23. Titus Andronicus — The Airing of Grievances
Any band that follows “No Future Part One” with “No Future Part Two: The Days After No Future” knows how to play punk nihilism for laughs. Patrick Stickles blurts callow, often funny questions about God, parents, love and mortality as a grand phalanx of four (or more) guitars chases him through compositions sprawling enough to allow room for a fancy hammer-on mid-section and a harmonica-wheezing intro that totally rips off Springsteen’s “The Promised Land.” And “Titus Andronicus” encapsulates their worst fears. Prior to a singalong chorus of “Your life is over,” they list off the creature comforts death denies you: no more cigarettes, sex, drunkenness, and — what? “No more indie rock!”? Jeez, these guys aren’t kidding around.
22. Toumast — Ishumar
Tuareg desert blues was the decade’s most reliable motherlode of newly recorded Afropop.

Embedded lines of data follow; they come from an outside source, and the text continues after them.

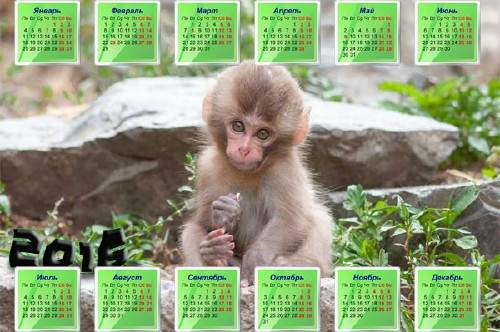 Милая обезьянка на камне - Календарь на 2016 год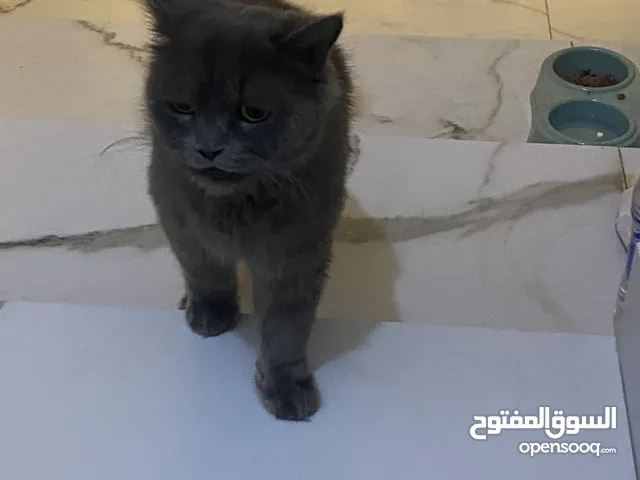 قط شيرازي عادي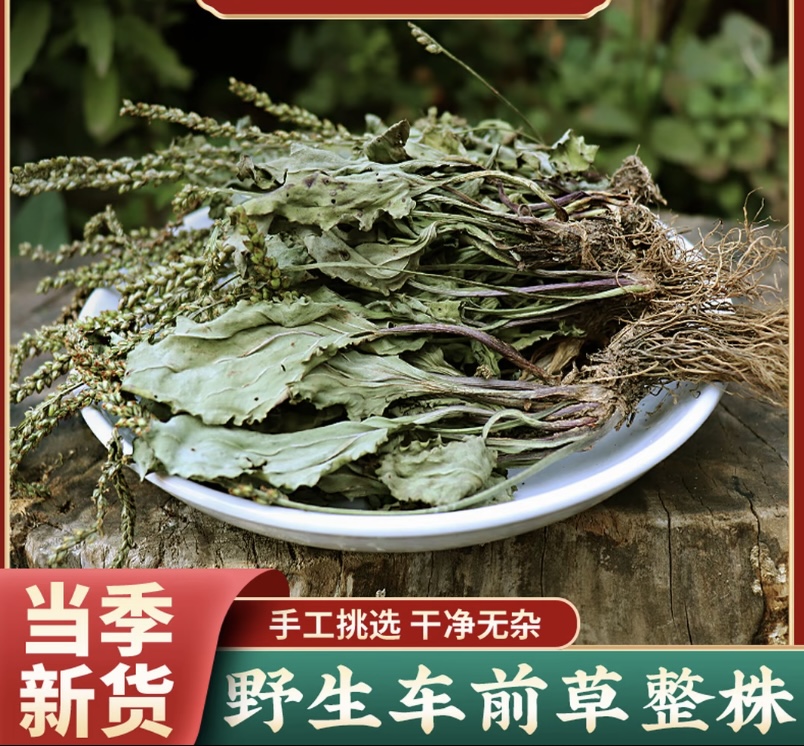 【大山车前草】野生正品保障-煮水泡水泡酒煲汤-可搭配枸杞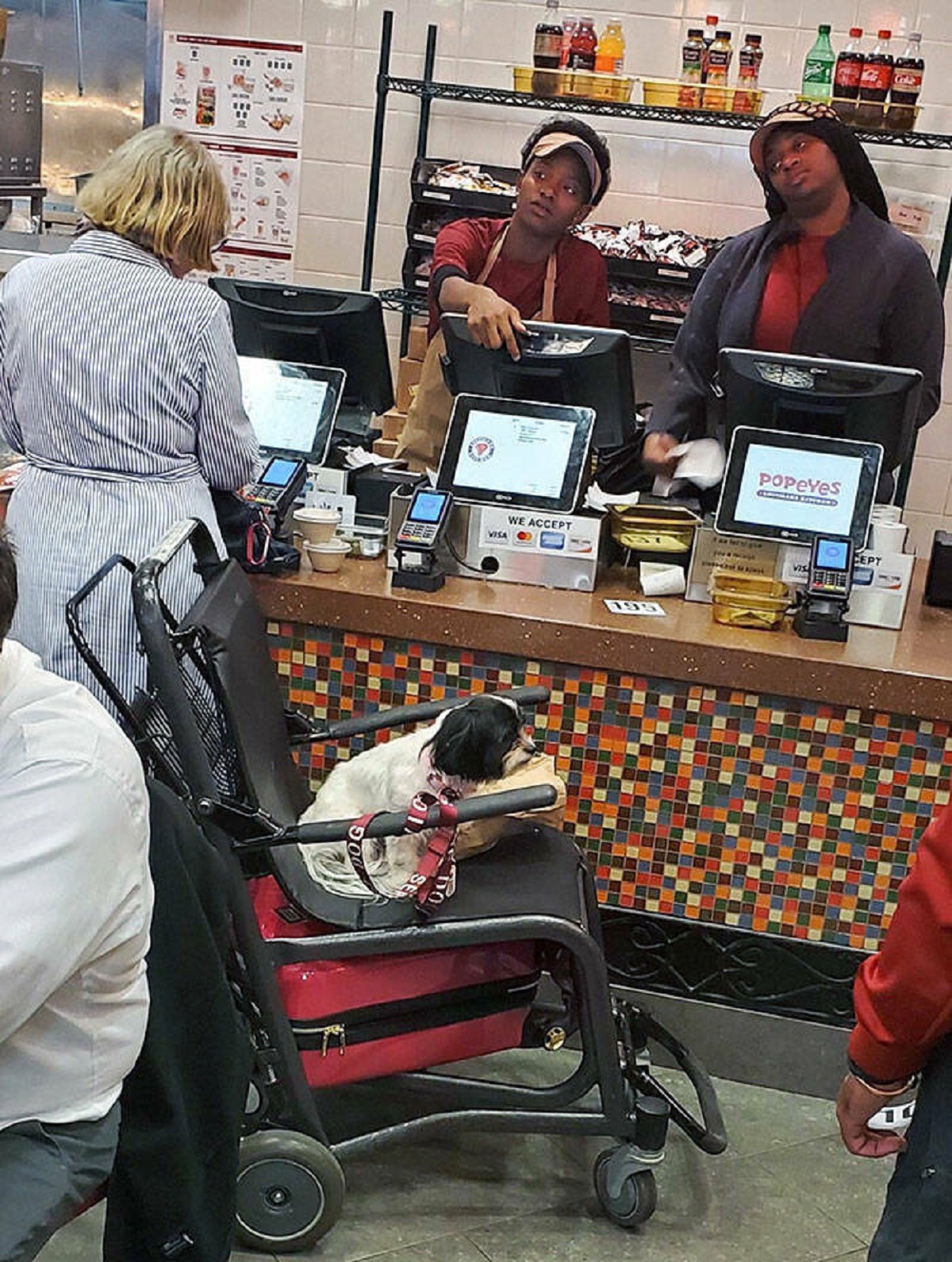 "Blocking The Second Register With Your Service Dog At The Airport"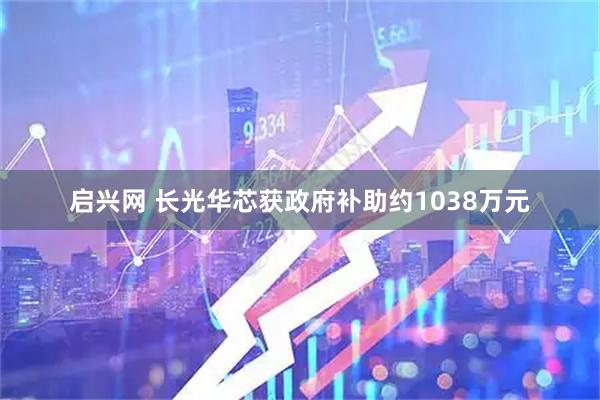 启兴网 长光华芯获政府补助约1038万元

Thriving on nuance rather than novelty, favoring group creation over star power, the circular guitars and trancey call-and-response flirted with all-sounds-the-same. But if practically any Tinariwen, Tartit, or Erin Finatawa disc you happened upon would expose you to this music’s essential pleasures, Ishumar does likewise while sounding ever-so-slightly less all-the-same than the rest. Between the distinctive guitar licks of Moussa Ag Keyna and carefully arranged touches of French producer Dan Levy, you can almost pretend this is pop music.
21. Santogold — Santogold
It says less about the singer than the times that Santi White struck some as an oddball pop revolutionary. With help from old M.I.A. hands Switch and Diplo, Santogold (later, for legal reasons, Santigold) and musical partner John Hill sublimate the professional frustrations of an industry malcontent into a defiant posture of individual creativity, providing just enough context for their neo-new-wave. Ingenious vocal affectations temper tuneful abrasion, and angular electrobeats dare you to mistake ’em for R&B. That Santogold’s hits came to nest so comfortably within TV commercials says even more about the times–at the very least, that “oddball pop revolutionary” is an under-marketed brand.